━━ GIVEN INFORMATION

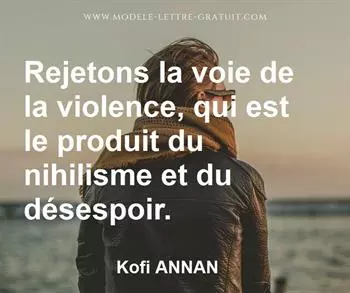 Citation de Kofi ANNAN
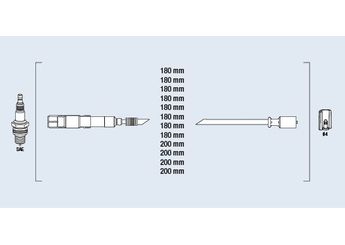 Buji Kablosu  BERU ZEF1442  A1121500118 134778 1121500118 112 150 01 18 1121500218 112 150 02 18 A 112 150 01 18 A1121500218 A 112 150 02 18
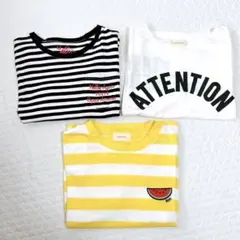 【レピピアルマリオ】半袖Tシャツ　3枚セット(M 150〜160)女の子　ロゴのサムネイル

━━━━

TASK ITEM. If a picture falls within the lines from the one containing "A 112 150 02 18" through the end of the material, leave it out while repeating those lines exactly.

RESPONSE AREA.
 Buji Kablosu  BERU ZEF1442  A1121500118 134778 1121500118 112 150 01 18 1121500218 112 150 02 18 A 112 150 01 18 A1121500218 A 112 150 02 18
 【レピピアルマリオ】半袖Tシャツ　3枚セット(M 150〜160)女の子　ロゴのサムネイル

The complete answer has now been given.